Tuesday, February 21, 2017

The looming crisis

According to reports in several newspapers, there is a looming crisis in the British education system created by an acute shortage of teachers.

Numbers of pupils in secondary schools are expected to spike by more than 500,000 to 3.3 million by 2025. Set that figure against the fact that the overall number of full-time teachers in secondary schools fell by 10,000 between 2010 and 2015 and you can sense the problem.

A YouGov poll found that 53 per cent of teachers were considering leaving teaching and it wasn’t just experienced senior staff. 11,000 young teachers actually leave in training, an exodus that has tripled in the last six years and points to a terrible loss of energy and new talent into teaching.

Shortages lead schools to spend £733million on supply teachers from agencies. Apart from the stress on school's budgets that are being constantly cut, a supply teacher can often be just a "bum in the classroom" because they are  used to fill in for subjects that they have no specialisation in.

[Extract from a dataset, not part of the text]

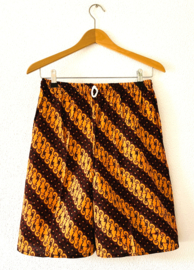 Batik herenshort. Maat 44/46.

Why do so many teachers want to leave?


A regime of inspections by OFSTED which seeks to destroy rather than support teachers has not helped. An increasing workload has not helped either. Teachers are weary and feel undervalued by governments that  constantly criticise them and pick faults in their work. When did you ever read a report by government that said teachers were doing a great job? Instead of praising the good work that many do, it is easier to find fault with the few who fail.

During term times, many teachers work late into the night marking and preparing for their lessons. And those long holidays that people complain about are often cut into by visits to the school just to keep up with classroom management.

There is also a problem for teachers who, too often face low level disruption in their classrooms. Exclusion units that helped in these cases became unfashionable as teachers were told that inclusion was the right of every pupil. You could sense the logic when you saw the same children spending much of their time outside their normal classroom. Exclusion units tended to offer simple repetitive tasks to occupy the children rather than any actual teaching.

Of more concern than minor disruption, in an increasing number of cases, teachers have also had to suffer abuse, either mental or physical, from their empowered pupils. Going to work only to be bruised in this way is no fun. Often, the teachers are told that it is their fault, the abuse is a result of their failing.

Teachers, perhaps more than most other workers, need support and guidance to make the most of their pupil's abilities. Sadly, it is easier to dismiss failing teachers than it is to support them. All those adverts about a rewarding and worthwhile career must seem to be a joke to many in British classrooms today.